Guy de Maupassant
From Philosopedia
Henri René Albert Guy de Maupassant (5 August 1950 - 6 July 1893)
Maupassant was born at the Château de Miromesnil, near Dieppe in the Seine-Maritime department of France. After fighting in the Franco-German War, Maupassant began writing short stories. Considered a master of the genre, Maupassant wrote more than 300 short stories, as well as novels and travel books.
He was a colleague of Gustave Flaubert, Emile Zola, Ivan Turgenev and Henry James. One of his most famous short stories, "Ball of Fat" (1880), was said to have inspired a plotline in John Ford's "Stagecoach" (1939), about the hypocritical treatment of a prostitute by travelers.
Many of his stories have been adapted as movies in France.

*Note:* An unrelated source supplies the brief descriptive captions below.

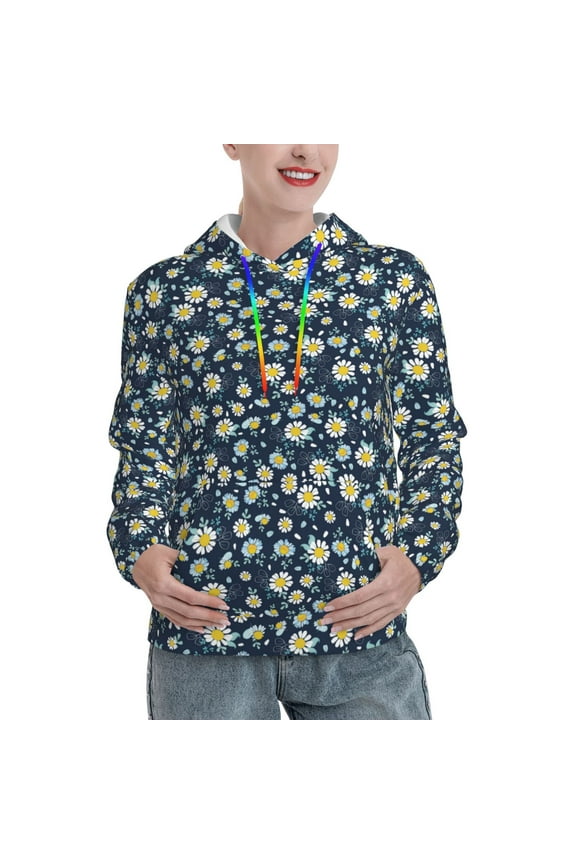 Daisy Floral B Print Womens Oversized Hoodies Sweatshirts Hooded Pullover Tops Sweaters Casual-X-Large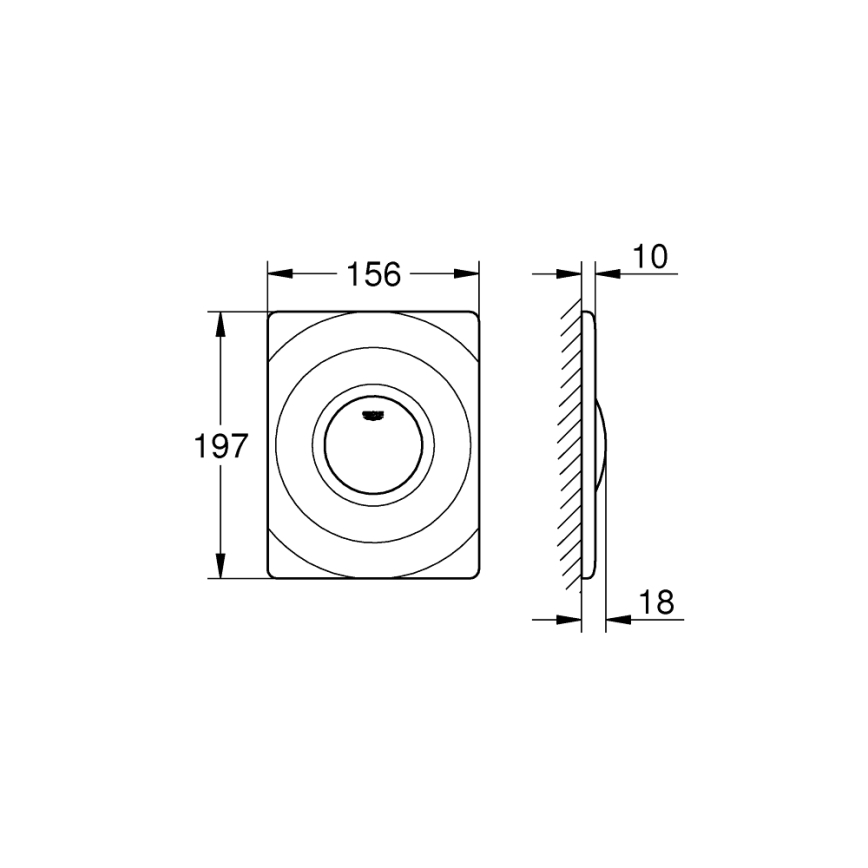 GROHE 37063000 - Botón de control SURF 156 × 197 mm cromado brillante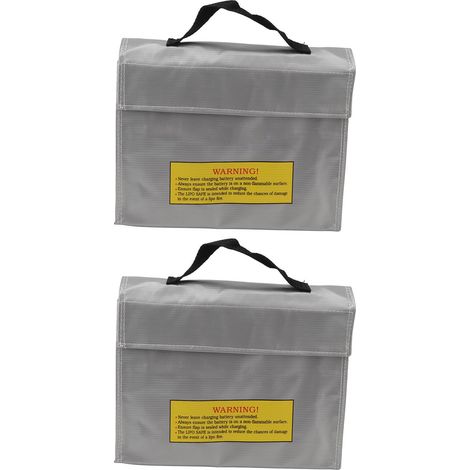 2 Pcs Lithium Battery Safety Bag Fireproof Explosion Proof PVC Fiber Effective Air Isolation Battery Safety Sack (1/5)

Among his 39 horror stories is "The Inn," a predecessor to Stephen King's The Shining, involving a plot about madness afflicting an isolated mountain caretaker.
Freethought biographer Joseph McCabe noted:
- His works sufficiently reflect his disdain of religion.
Maupassant was described by Corliss Lamont as a humanist, a naturalist, an author who is an exemplar of French psychological realism.
Before going mad in 1891, Maupassant wrote prodigiously about characters that were unhappy victims of their greed, their desire, their vanity. But he describes the sordidness without sermonizing. Although his short stories are masterpieces and include “The Necklace,” “The Piece of String,” and “Mlle. Fifi,” he is also known for A Life (1883), Bel-Ami (1885), and Pierre and Jean (1880), the latter a study of adultery between a wife and two brothers - Luis Bunuel turned it into a 1951 movie.
In his latter years he developed an exaggerated love for solitude, a predilection for self-preservation, and a constant fear of death and mania of persecution, compounded by the syphilis he had contracted in his early days. He was considered insane in 1891 and died two years later, a month short of his 43rd birthday, on July 6, 1893.
Guy de Maupassant is buried in the Cimetière du Montparnasse, Paris.